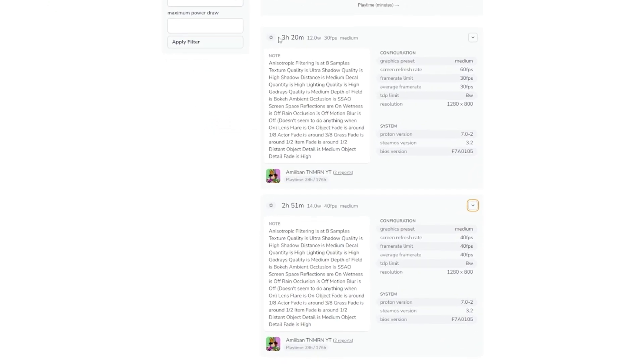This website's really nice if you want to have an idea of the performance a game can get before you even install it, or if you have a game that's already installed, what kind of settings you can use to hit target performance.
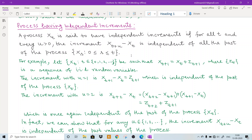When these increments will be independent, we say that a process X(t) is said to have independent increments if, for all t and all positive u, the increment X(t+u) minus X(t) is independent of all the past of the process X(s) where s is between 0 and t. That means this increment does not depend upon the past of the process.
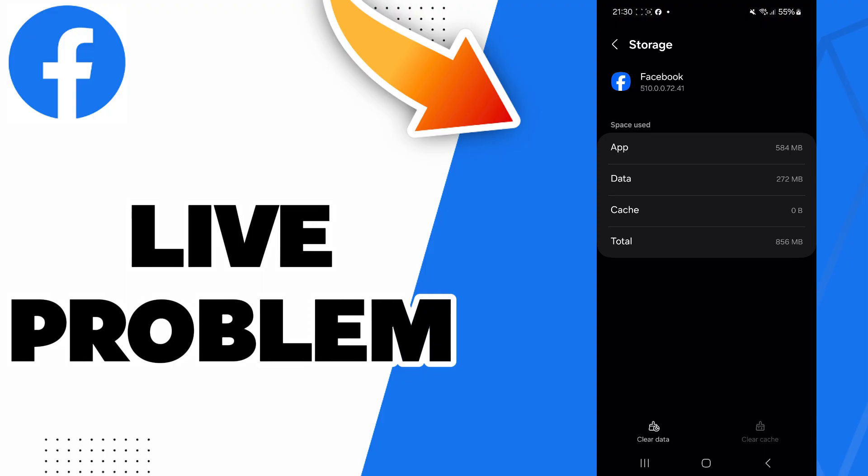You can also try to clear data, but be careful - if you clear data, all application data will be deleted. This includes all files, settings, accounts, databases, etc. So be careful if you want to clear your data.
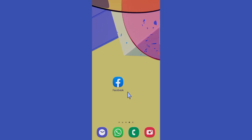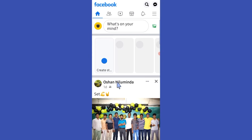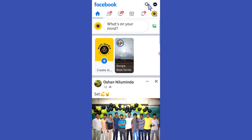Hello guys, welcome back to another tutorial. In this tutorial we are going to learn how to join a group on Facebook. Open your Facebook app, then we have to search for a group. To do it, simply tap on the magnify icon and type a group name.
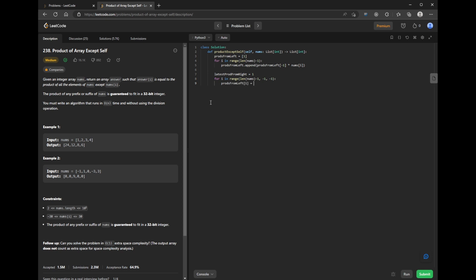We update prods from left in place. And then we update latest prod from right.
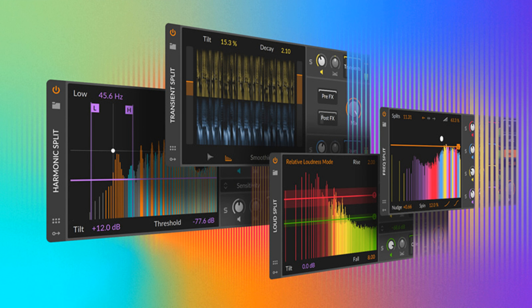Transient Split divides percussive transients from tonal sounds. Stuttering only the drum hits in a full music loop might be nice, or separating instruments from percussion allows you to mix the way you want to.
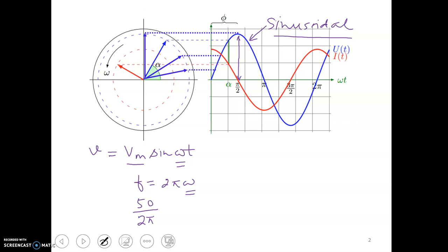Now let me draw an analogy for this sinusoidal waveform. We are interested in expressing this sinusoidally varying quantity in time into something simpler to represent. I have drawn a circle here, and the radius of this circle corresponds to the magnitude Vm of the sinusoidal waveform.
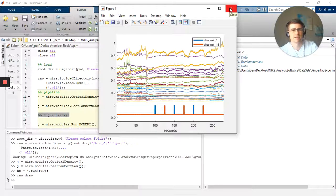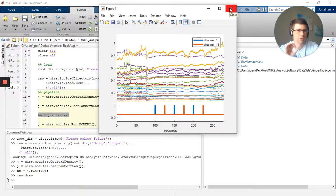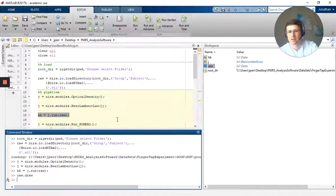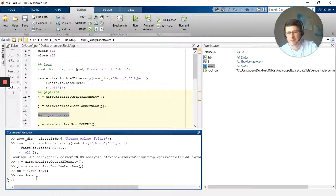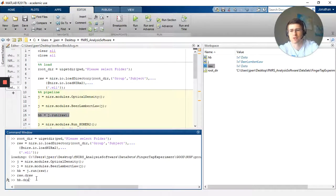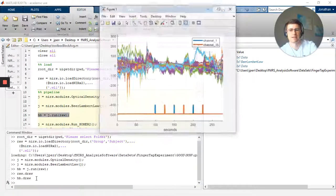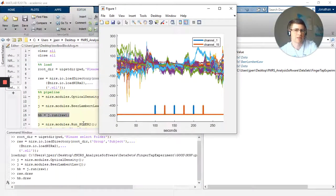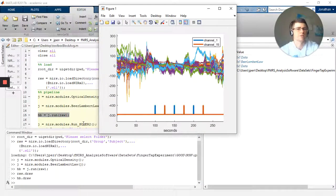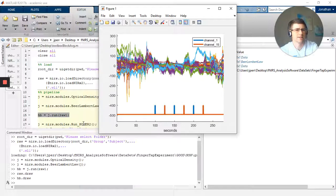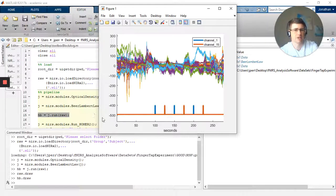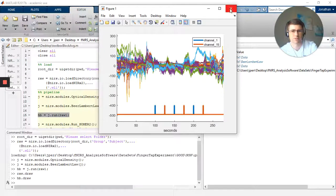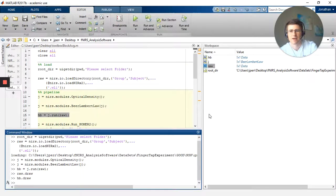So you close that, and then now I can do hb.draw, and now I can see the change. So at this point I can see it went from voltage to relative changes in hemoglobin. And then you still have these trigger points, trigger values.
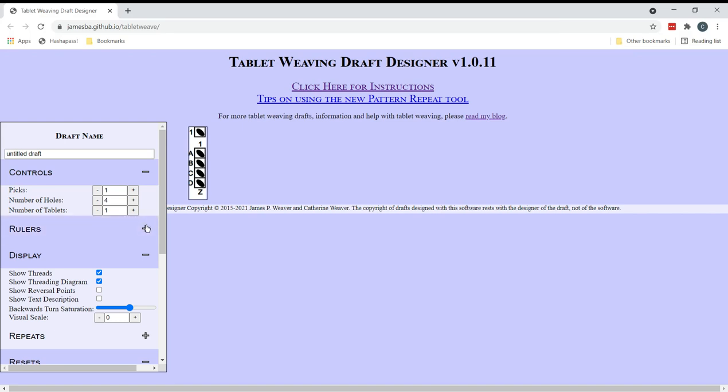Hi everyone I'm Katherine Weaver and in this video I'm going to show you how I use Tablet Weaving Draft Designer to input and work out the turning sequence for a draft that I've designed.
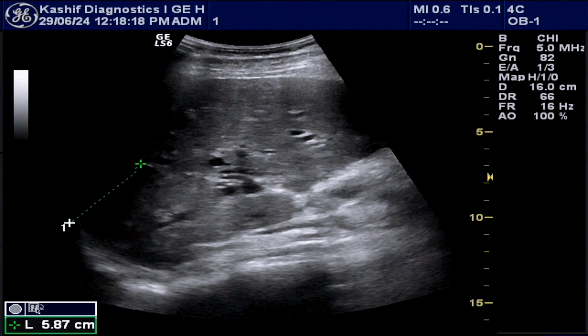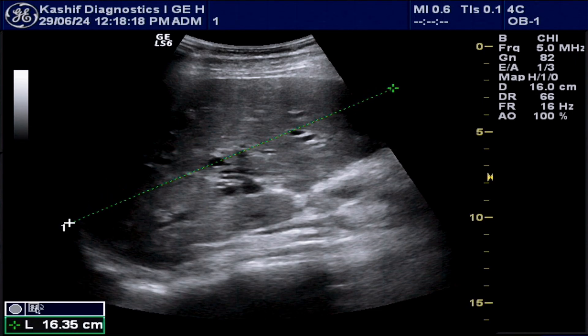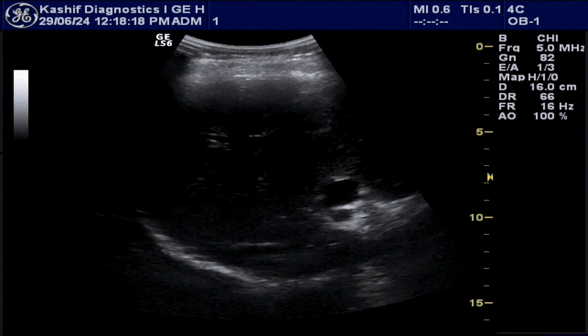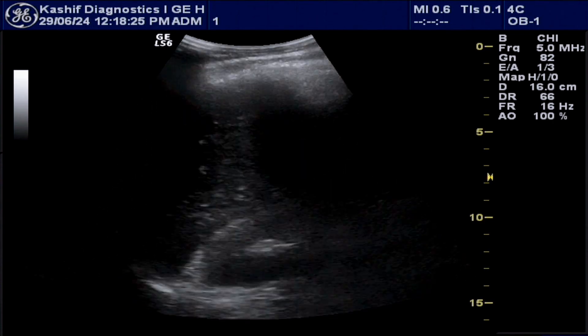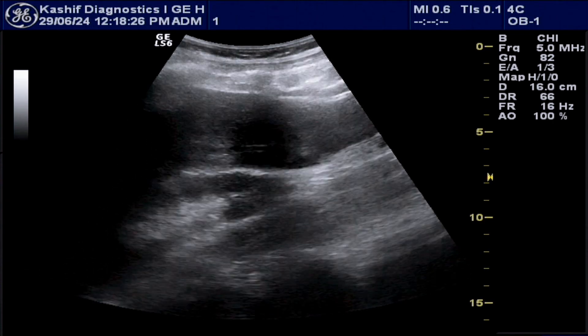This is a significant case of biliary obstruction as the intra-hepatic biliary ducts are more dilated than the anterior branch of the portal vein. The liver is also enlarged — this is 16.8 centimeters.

+ + +

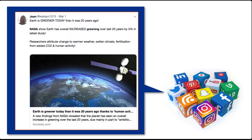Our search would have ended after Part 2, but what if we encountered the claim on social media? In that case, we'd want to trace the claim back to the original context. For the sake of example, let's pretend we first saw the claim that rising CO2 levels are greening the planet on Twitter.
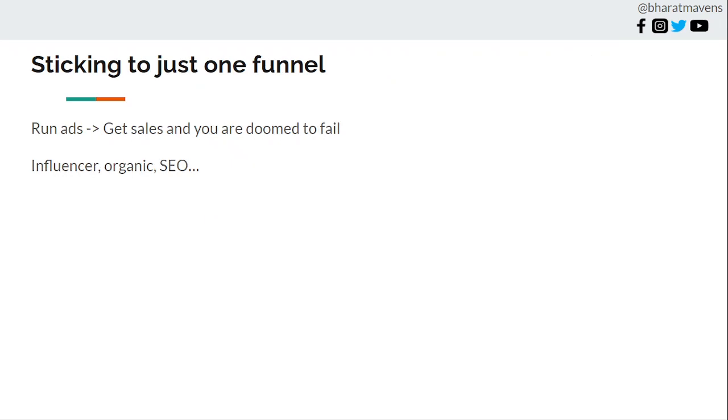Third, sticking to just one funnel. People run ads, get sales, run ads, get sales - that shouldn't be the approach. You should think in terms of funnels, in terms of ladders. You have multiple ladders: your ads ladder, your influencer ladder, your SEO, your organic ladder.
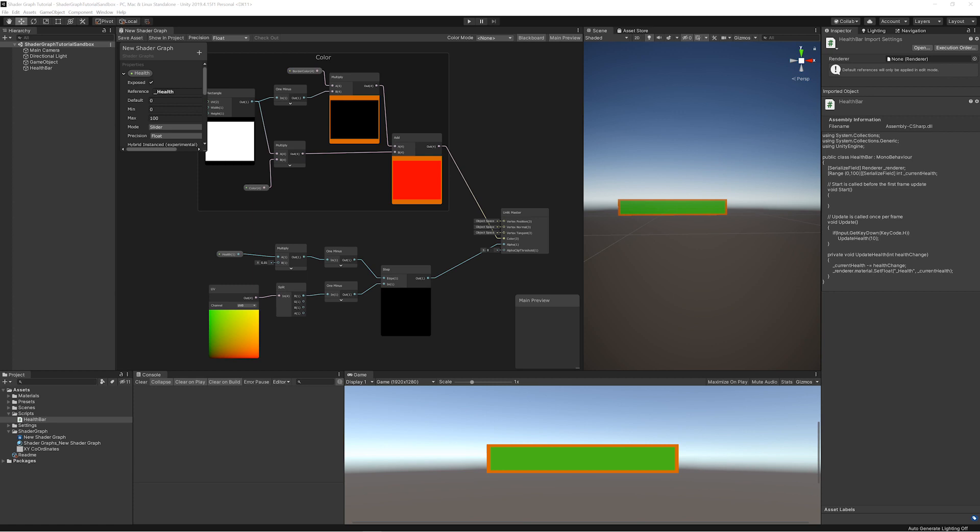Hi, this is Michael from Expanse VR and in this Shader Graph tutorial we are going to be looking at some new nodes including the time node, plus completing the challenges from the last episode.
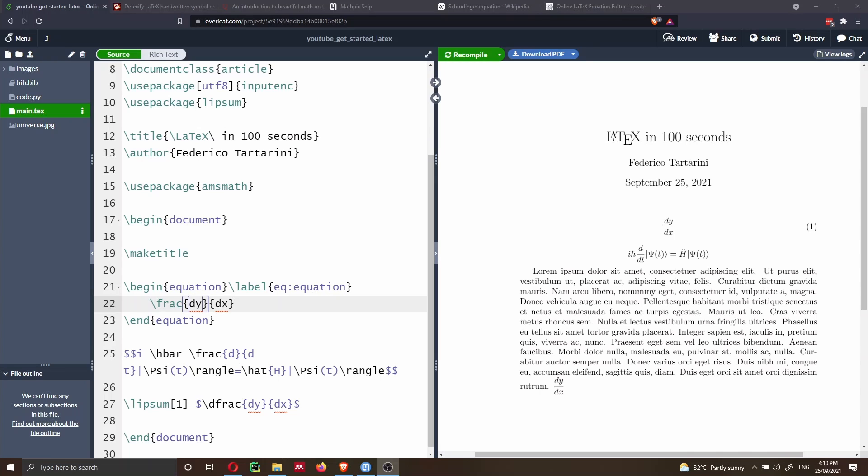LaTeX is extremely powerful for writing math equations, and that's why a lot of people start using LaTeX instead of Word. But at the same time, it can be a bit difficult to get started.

+ + +

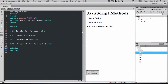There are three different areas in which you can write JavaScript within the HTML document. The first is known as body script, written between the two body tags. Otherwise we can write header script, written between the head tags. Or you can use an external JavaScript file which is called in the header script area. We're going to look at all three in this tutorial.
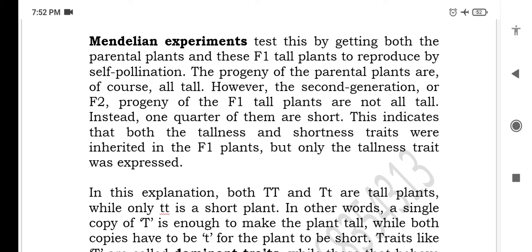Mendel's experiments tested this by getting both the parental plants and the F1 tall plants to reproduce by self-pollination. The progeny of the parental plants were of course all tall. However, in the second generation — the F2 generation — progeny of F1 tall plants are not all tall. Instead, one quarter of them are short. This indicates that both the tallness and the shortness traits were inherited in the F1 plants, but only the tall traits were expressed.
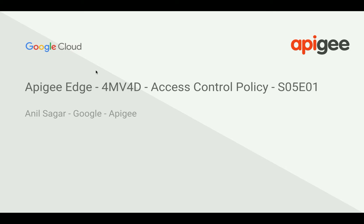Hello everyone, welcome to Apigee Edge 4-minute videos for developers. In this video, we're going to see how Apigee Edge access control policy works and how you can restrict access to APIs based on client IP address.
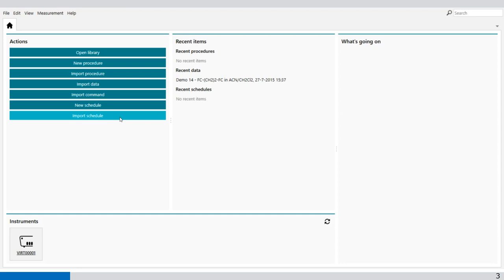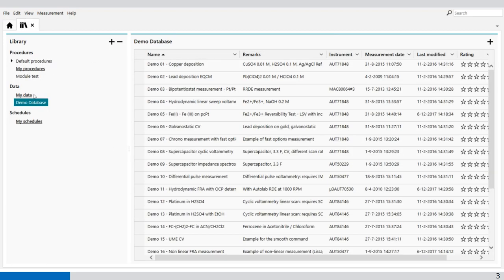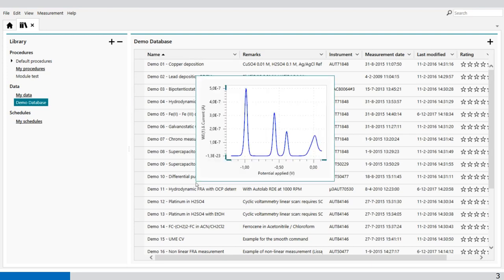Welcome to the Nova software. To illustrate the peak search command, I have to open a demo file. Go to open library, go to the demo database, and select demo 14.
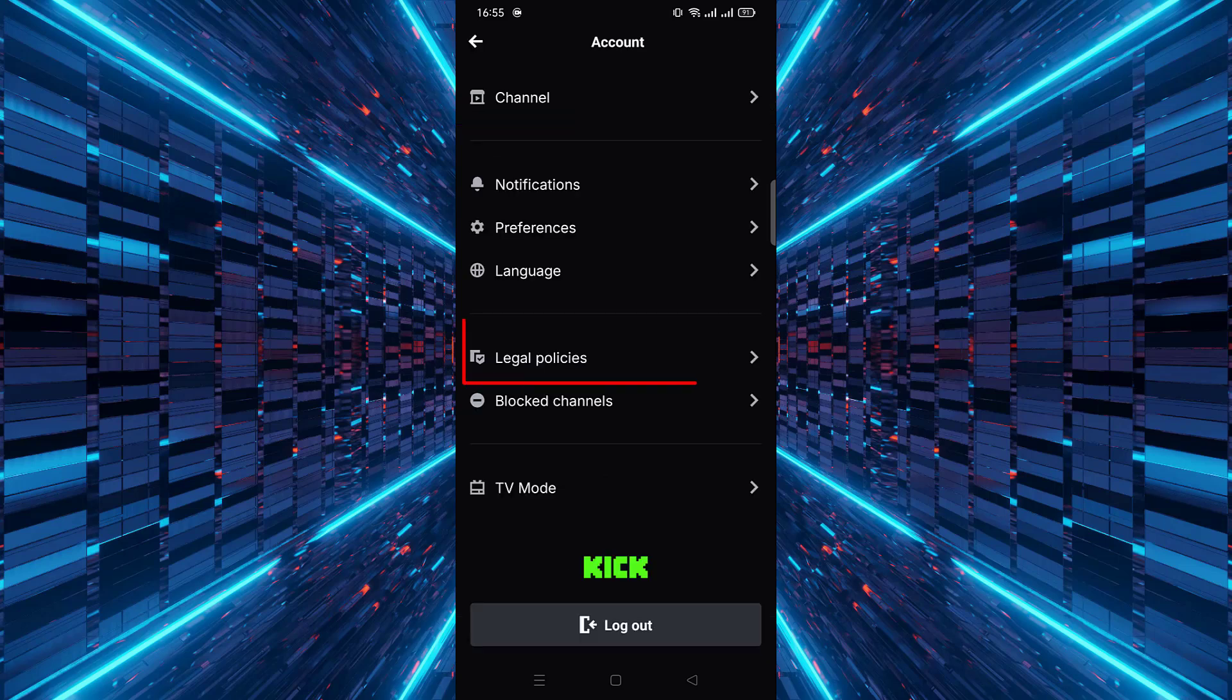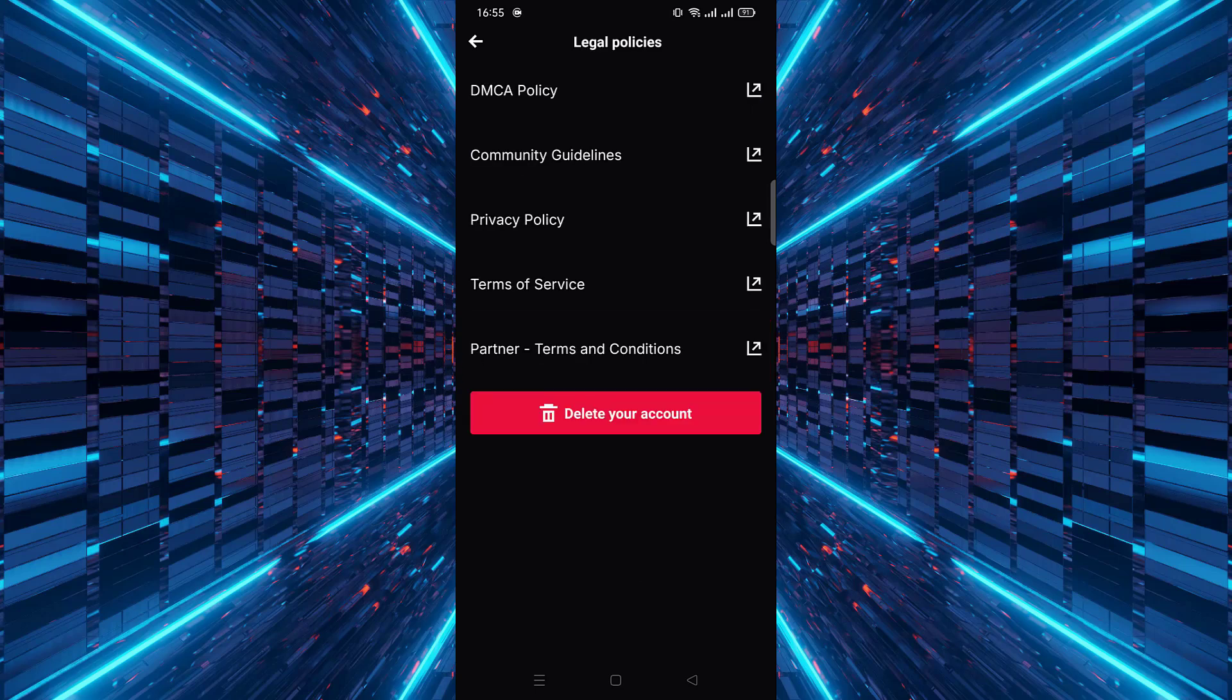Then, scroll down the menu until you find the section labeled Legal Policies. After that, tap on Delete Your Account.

+ + +

Task details = From the records above, output only the lines starting at the one containing "You can also" and ending at the one containing "This is a significant", word for word. Pictures stay out.

Exercise output =
You can also try to clear data, but be careful - if you clear data, all application data will be deleted. This includes all files, settings, accounts, databases, etc. So be careful if you want to clear your data.
Hello guys, welcome back to another tutorial. In this tutorial we are going to learn how to join a group on Facebook. Open your Facebook app, then we have to search for a group. To do it, simply tap on the magnify icon and type a group name.
We update prods from left in place. And then we update latest prod from right.
Transient Split divides percussive transients from tonal sounds. Stuttering only the drum hits in a full music loop might be nice, or separating instruments from percussion allows you to mix the way you want to.
Now let me draw an analogy for this sinusoidal waveform. We are interested in expressing this sinusoidally varying quantity in time into something simpler to represent. I have drawn a circle here, and the radius of this circle corresponds to the magnitude Vm of the sinusoidal waveform.
So you close that, and then now I can do hb.draw, and now I can see the change. So at this point I can see it went from voltage to relative changes in hemoglobin. And then you still have these trigger points, trigger values.
Hi everyone I'm Katherine Weaver and in this video I'm going to show you how I use Tablet Weaving Draft Designer to input and work out the turning sequence for a draft that I've designed.
This is a significant case of biliary obstruction as the intra-hepatic biliary ducts are more dilated than the anterior branch of the portal vein. The liver is also enlarged — this is 16.8 centimeters.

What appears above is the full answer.